Technology is continuing to play an integral part in sports. In cricket too, there are many areas where technology can be used. Machine learning will play an important role in Sports Analytics.
We believe that we can use Machine Learning to analyze historical cricket games, and use this to continuously improve the Duckworth Lewis (D/L) Method of computing target scores in rain-shortened matches.
The Current D/L method is a statistical method invented by statisticians Frank Duckworth and Tony Lewis. It is designed to calculate the target score (or the PAR score) that the second batting team (in a rain-interrupted match) needs to achieve. Today, there are two D/L models/editions that are available to the cricket community: Standard Edition and Professional Edition. The Standard Edition is a chart-based model used for non-ICC match and local matches. The Professional Edition is a software-based black box model, and is used by the ICC for all official matches.
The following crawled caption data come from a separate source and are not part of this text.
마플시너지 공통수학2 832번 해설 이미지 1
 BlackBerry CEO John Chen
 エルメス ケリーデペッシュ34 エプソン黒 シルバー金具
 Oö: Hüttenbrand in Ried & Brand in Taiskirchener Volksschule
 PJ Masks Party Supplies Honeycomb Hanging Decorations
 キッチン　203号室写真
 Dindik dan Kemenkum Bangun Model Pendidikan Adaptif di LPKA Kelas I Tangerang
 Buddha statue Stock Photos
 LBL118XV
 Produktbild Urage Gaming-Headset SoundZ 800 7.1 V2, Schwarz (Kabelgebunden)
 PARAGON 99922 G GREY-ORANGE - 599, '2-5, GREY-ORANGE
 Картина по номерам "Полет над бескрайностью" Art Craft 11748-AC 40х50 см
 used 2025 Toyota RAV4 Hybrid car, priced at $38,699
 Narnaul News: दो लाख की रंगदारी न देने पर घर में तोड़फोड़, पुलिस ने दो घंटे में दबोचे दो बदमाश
After Duckworth and Lewis retired, Professor Steven Stern (from the Queensland University of Technology) became the custodian for the method, and the method was renamed as the Duckworth-Lewis-Stern method (or D/L/S method). In many pieces of existing literature, it continues to be referred to as the D/L method.
Improving the D/L Method
The D/L table is static and does not take into consideration the latest game statistics (e.g., which teams are playing better this season, ranking of players, etc.).
We believe we can use historical Twenty20 data to derive an always up-to-date D/L table that takes into these latest statistics. This can be operationalized using Azure Machine Learning and run on a frequent basis to always produce an updated D/L table.
To achieve this, we analyze the T20 data from http://cricsheet.org/, which provides ball-by-ball data for international and IPL cricket matches. The T20 historical data captures the ball-by-ball for about 620 matches, and 153K rows of ball-by-ball data.
Using a Jupyter notebook, we show the data exploration on how we can derive a better D/L table by applying quadratic curve-fitting with constraints techniques using the T/20 data. This Jupyter notebook is now available to the data science and cricket communities so they can take this foundational information and work together to improve the state of cricket analytics.